August 21st, 2009 @ 5:51 pm

In the past weeks as I’ve had a lot of time off work to recover from surgery, I have had the opportunity to do some long missed reading; books and newspapers. I have been following the news stories on the television as well. I recently heard it said by one woman, about my age, that she had never been interested in politics. She just went with the flow. With the upheaval of the whole ‘Health Insurance’ debacle, she has had no choice but to WAKE UP! This is pretty much how I am beginning to feel. She remarked, “The sleeping Giant has been awoken!” ..
While this current bill, in its’ present form, is not what we need. We do need some sort of healthcare reform. That is --‘healthcare’ NOT ‘health insurance’. Somewhere along the line ‘healthcare’ and ‘medical insurance’ conveniently merged together to become ‘health insurance’. How is that even possible? We cannot insure our health. We, as individuals, can maintain our health though a healthy and active lifestyle. We have the ability and the right to choose what we will eat, how we like to exercise, and entertain ourselves. If we make poor choices we shoulder the consequences for them. Not our neighbors down the street or a stranger across the country!
That right to choose should also continue to extend to how we proceed if something does go wrong with our health. It shouldn’t be a right or entitlement to be cared for by the medical community. It should be a right for us to choose to be cared for and how we pay for it. This plan suggests that every American be dumped into a giant healthcare pool and have medical care doled out on and as-needed basis. Everyone, regardless of income (or contribution), will be ‘entitled’ to the same level of care. The argument is that the current system does not cover the un or underinsured because the insurance costs are too exorbitant. Okay, so how, in all of history, has the market driven costs down? We increase competition.
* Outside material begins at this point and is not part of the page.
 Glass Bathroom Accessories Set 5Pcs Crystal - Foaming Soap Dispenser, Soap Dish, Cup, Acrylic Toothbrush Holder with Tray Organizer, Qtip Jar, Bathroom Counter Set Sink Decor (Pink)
Just like that computer your sitting at right now…it sure does cost a lot less today than it would have, say, back in 1989! John Mackey, CEO of Whole Foods, made this suggestion in an op-ed he submitted to the Wall Street Journal (available online). As he suggests, why not allow insurance companies to compete across state borders. Costs surely would go down if more options were available.
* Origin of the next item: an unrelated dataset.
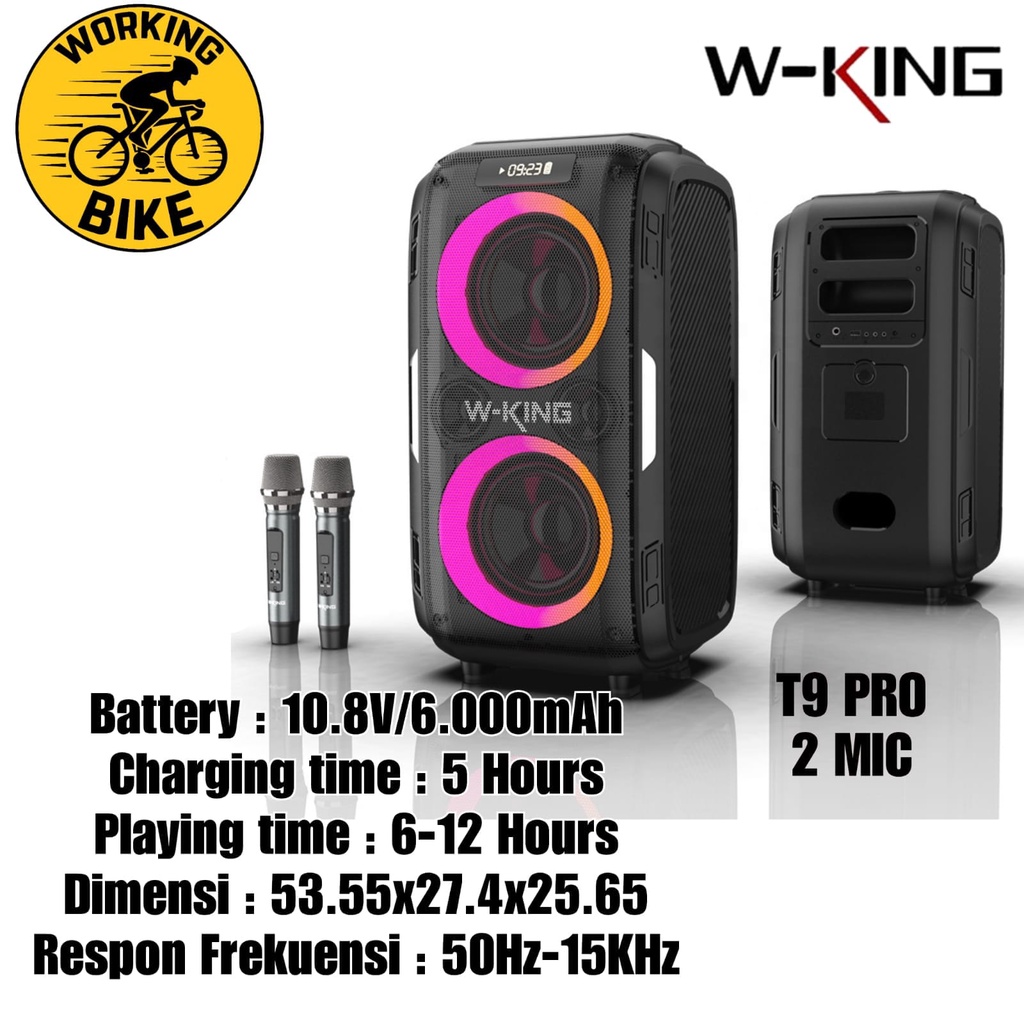Jual Speaker W-KING Karaoke T9PRO + 2 MIC Bluetooth Microphone Wireless ...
President Obama recently made a veiled joke about citizens being concerned that they would lose their current private insurance coverage because the companies couldn’t compete with the Public Option plan. He used the example of FedEx, UPS, and the USPS stating that the last time he checked, FedEx and UPS were doing fine, it was the Government program that was failing. Is this supposed to instill confidence?
My fear is for the loss of choice. Not getting services when they are needed, but being put in 6-month-long line to wait for a needed test. My biggest fear is that we would all lose the choice of going to an independent Specialist like Dr. Tomaino. Under the current plan, he probably wouldn’t be available to us. We would be subjected to the Doctors of the future who were pushed through the new Medical School system (factory?) that doesn’t weed out students based on ability. They will be rushing to fill the void of Primary Care Physicians created by the black hole of patients who were dumped into that big pool.